In a misleading pathetic fallacy, in Chapter One, nature seems to mirror the delight of Ralph after he first arrives upon the island:
Here was a coral island [an allusion to Ballantyne's novel about English boys who fared well on an island where their civilized behavior defeated savages] at last was the imagined but a never fully realized place leaping into real life. Ralph's lips parted in a delighted smile and Piggy...laughed with pleasure.
On the other hand, Nature does truly act as pathetic fallacy when it reflects the boys' feelings at times, especially in the earlier parts of the novel. For instance, the littl'uns perceive the limbs of the trees as snakes, and they fear the creatures of the dark. In addition, the shelter of the secret area where Simon retreats provides him a respite from the conflicts of human nature.
While the boys impose symbolic meaning upon natural phenomena, such as using the conch to represent authority and protocol, building shelters with limbs and leaves, and generating fire for a rescue signal, Nature, however, proves itself resistant to these impositions as the conch loses its significance when confronted with the savagery of Jack and the hunters; the rescue fire goes out, and the shelters collapse and are neglected. It is not long, then, before the boys discover that the island is not an idyllic Eden with fruit and beauty, but is, instead, a primeval formation of rock and creepers and forest and dark, shadowy fauna surrounded by a formidable ocean.

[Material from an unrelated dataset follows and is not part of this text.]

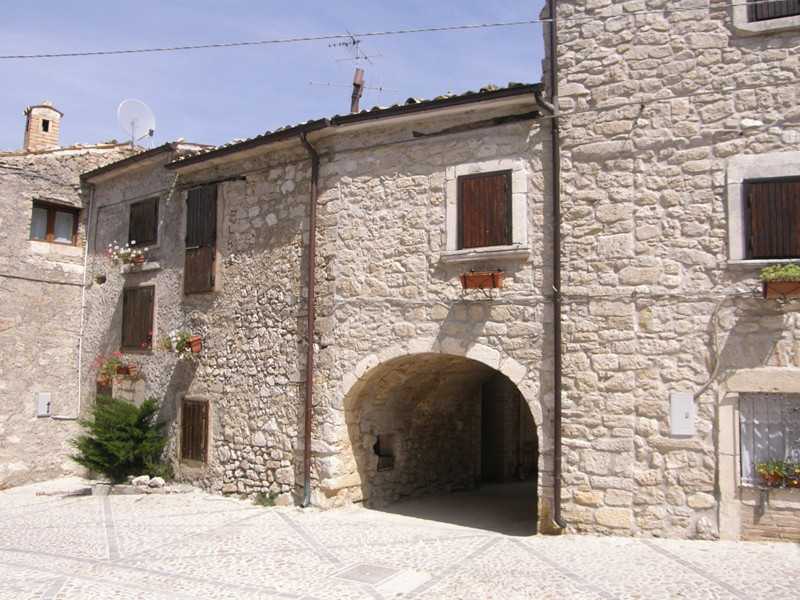 Roccaramanico - scorcio centro storico Roccaramanico - scorcio centro storico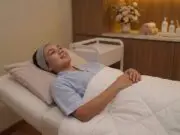 Pori-Pori Besar dan Komedo Mengganggu? Dokter RS Sari Asih Jelaskan Manfaat Smart Peel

In the end, Nature is indifferent to the struggles of civilization. For example, after Simon is killed in Chapter Nine, Golding writes of the unconcern of nature for the murdered Simon:
Somewhere over the darkened curve of the world the sun and moon were pulling, and the film of water on the earth planet was held, bulging slightly on one side while the solid core turned. The great wave of the tide moved farther along the island and the water lifted. Softly, surrounded by a fringe of inquisitive bright creatures, itself a silver shape beneath the steadfast constellations, Simon's dead body moved out toward the open sea.
The life of a single boy matters not to the universe. Likewise, when Piggy is murdered by Roger, Piggy falls forty feet, knocks against the granite rocks that shatter his head, and he descends into the sea, but
Then the sea breathed again in a long, slow sigh, the water boiled white and pink over the rock; and when it went, sucking back again, the body of Piggy was gone.
Further on, as Jack and the other savages pursue Ralph, the set fire to the forest, and the forest burns furiously, unconcerned about its path of destruction. The evil, therefore, lies in what humans do, not Nature.